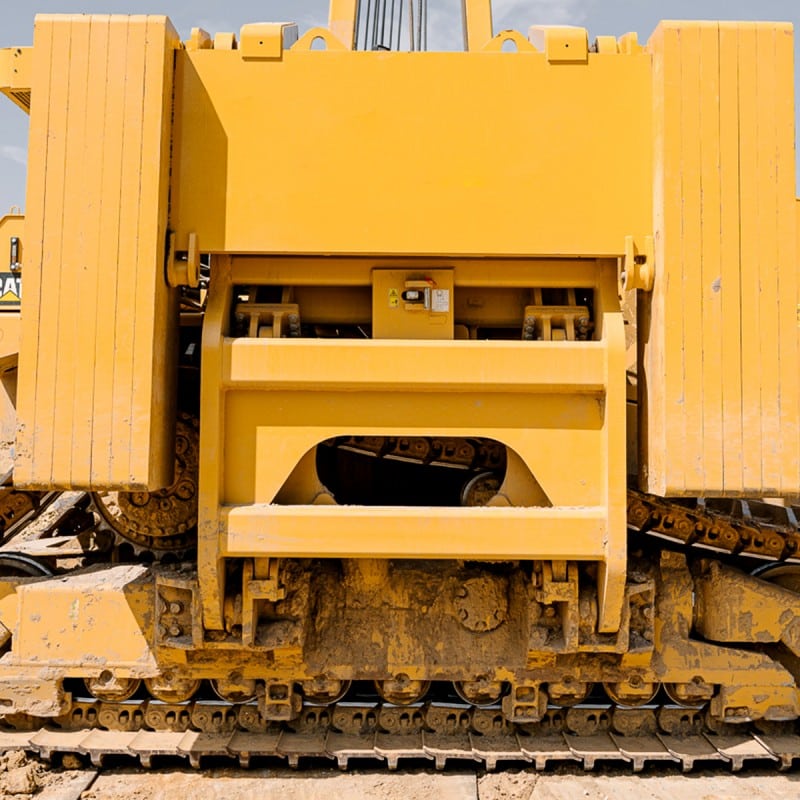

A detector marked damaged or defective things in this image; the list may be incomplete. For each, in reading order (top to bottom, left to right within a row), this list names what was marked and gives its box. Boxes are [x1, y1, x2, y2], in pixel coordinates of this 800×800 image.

rusty metal part [88, 412, 198, 552]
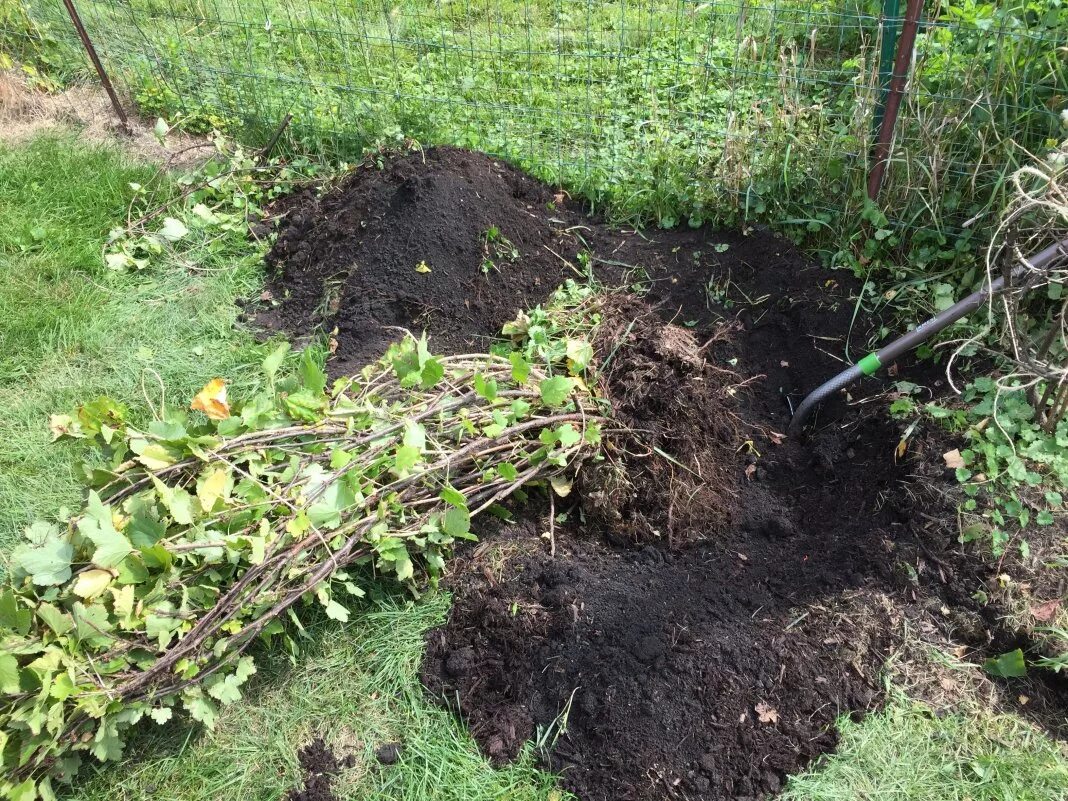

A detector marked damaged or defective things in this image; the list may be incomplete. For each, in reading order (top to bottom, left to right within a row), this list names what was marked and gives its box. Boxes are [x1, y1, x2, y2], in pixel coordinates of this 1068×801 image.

rusty metal post [60, 0, 132, 133]
rusty metal post [862, 0, 922, 201]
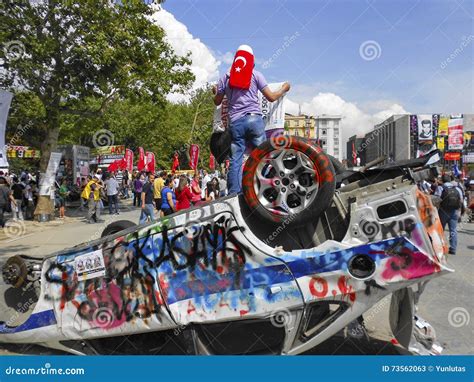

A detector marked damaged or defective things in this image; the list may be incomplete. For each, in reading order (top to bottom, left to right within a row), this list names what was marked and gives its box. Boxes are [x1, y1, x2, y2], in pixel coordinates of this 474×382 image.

damaged vehicle [0, 137, 452, 356]
overturned police car [0, 137, 452, 356]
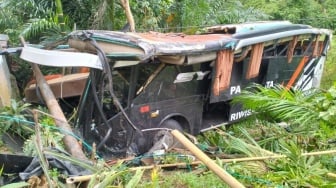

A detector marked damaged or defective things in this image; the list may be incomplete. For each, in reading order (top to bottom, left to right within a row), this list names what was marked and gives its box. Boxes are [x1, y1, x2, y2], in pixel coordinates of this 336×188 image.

wrecked bus [20, 21, 330, 158]
dented bus panel [57, 21, 330, 158]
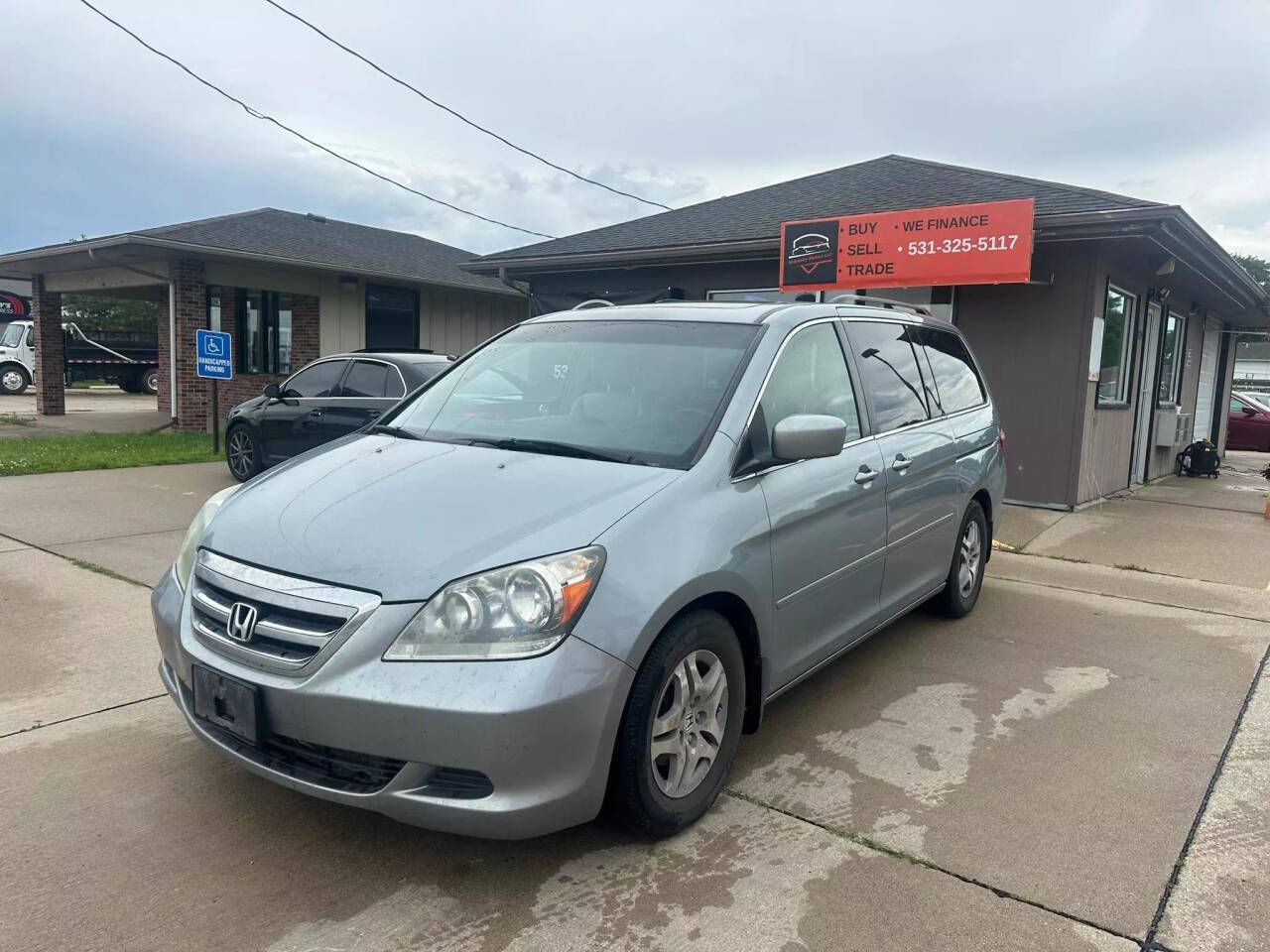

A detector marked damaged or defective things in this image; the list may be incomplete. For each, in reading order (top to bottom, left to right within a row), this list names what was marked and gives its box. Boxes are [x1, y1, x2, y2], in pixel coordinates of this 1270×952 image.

cracked pavement [2, 459, 1270, 949]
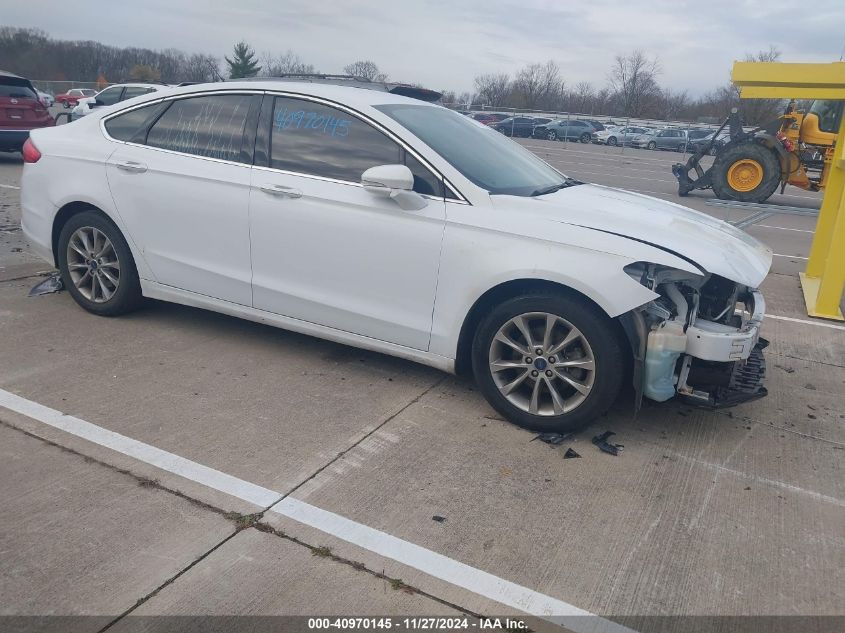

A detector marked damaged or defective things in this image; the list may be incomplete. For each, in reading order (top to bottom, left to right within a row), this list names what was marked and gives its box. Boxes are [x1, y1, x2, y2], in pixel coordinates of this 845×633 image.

crumpled front end [624, 262, 768, 408]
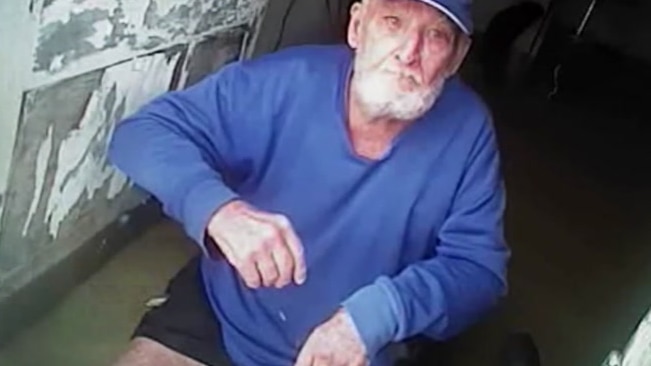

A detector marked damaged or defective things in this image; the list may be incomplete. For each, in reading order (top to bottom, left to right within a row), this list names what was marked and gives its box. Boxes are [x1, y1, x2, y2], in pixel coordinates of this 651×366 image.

damaged interior wall [0, 0, 268, 342]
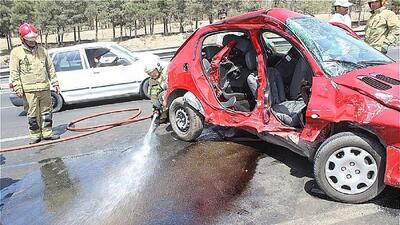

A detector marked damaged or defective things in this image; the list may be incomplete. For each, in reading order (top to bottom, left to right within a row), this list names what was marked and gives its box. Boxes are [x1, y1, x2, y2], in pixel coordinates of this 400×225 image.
# # # # # # #
WHAT TO WORK ON:
Reproduce, word for word, every line from the one that contains "this 845×633 image." to the end of the data, including both ends; omit all pictures.

ANSWER SPACE:
A detector marked damaged or defective things in this image; the list may be incomplete. For each, in reading order (top to bottom, left to right within a row), this list names what was marked and gives its box. Boxes are [x1, y1, x2, y2], in pixel coordinates of this 845×633 image.

crumpled front end [624, 262, 768, 408]

A detector marked damaged or defective things in this image; the list may be incomplete. For each, in reading order (top to bottom, left to right within a row), this list names what was marked and gives its box. Boxes are [x1, y1, x2, y2], in pixel coordinates of this 651×366 image.

damaged interior wall [0, 0, 268, 342]

A detector marked damaged or defective things in this image; the list may be incomplete. For each, in reading order (top to bottom, left to right within a row), this list names what was marked and gives its box. Boxes are [x1, y1, x2, y2], in pixel coordinates of this 400×225 image.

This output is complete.